This whole thing reminded me of a recent incident alongside a lake where I was walking with some friends. There were packs of mangy-looking Canada geese waddling around pooping everywhere, and one of my friends picked up a feather and wanted to stick it in his hatband, whereupon I pointed out that doing so might be a federal crime! They both laughed and said I was being ridiculous, for surely such an innocent thing could not be a crime. I told them it was the law, and sure enough, even though the feathers are simply trash on the ground, according to the Migratory Bird Act, picking them up is a crime — regardless of intent:

It is a federal crime to violate the Migratory Bird Act, whether intentionally or unintentionally. Types of violations may include:

  • Deliberately hunting protected birds
  • Poisoning birds with improperly used pesticides
  • Poaching birds for sale as pets
  • Destroying nests or disturbing nesting birds
  • Raising baby wild birds as pets
  • Raising “abandoned” baby wild birds with the intent to release them
  • Collecting wild bird feathers, nests or eggs

In other words, they don’t care whether you knew it was a crime. Just like one of the scenarios described in today’s WSJ piece:

…what once might have been considered simply a mistake is now sometimes punishable by jail time. When the police came to Wade Martin’s home in Sitka, Alaska, in 2003, he says he had no idea why. Under an exemption to the Marine Mammal Protection Act, coastal Native Alaskans such as Mr. Martin are allowed to trap and hunt species that others can’t. That included the 10 sea otters he had recently sold for $50 apiece.
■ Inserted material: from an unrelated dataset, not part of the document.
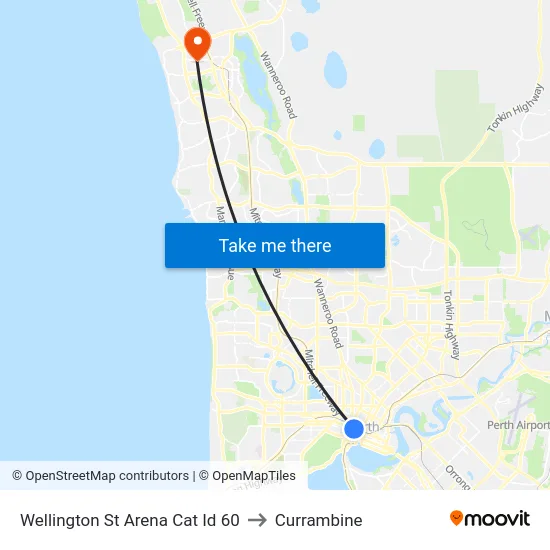 Wellington St Arena Cat Id 60 to Currambine map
Mr. Martin, 50 years old, readily admitted making the sale. “Then, they told me the buyer wasn’t a native,” he recalls.

The law requires that animals sold to non-Native Alaskans be converted into handicrafts. He knew the law, Mr. Martin said, and he had thought the buyer was Native Alaskan.

He pleaded guilty in 2008. The government didn’t have to prove he knew his conduct was illegal, his lawyer told him. They merely had to show he had made the sale.

“I was thinking, damn, my life’s over,” Mr. Martin says.

Federal magistrate Judge John Roberts gave him two years’ probation and a $1,000 fine. He told the trapper: “You’re responsible for the actions that you take.”

If a prosecutor wants to charge a citizen with a crime, all they have to do is scrutinize him closely. As the famous book title says, Three Felonies a Day: How the Feds Target the Innocent.

Except the problem is, we are all guilty.

Of living in a police state.

I’d say that the American revolution was fought over far, far less, but I don’t want to sound like one of those annoying cranks who won’t shut up…

So where’s the ACLU when we need them?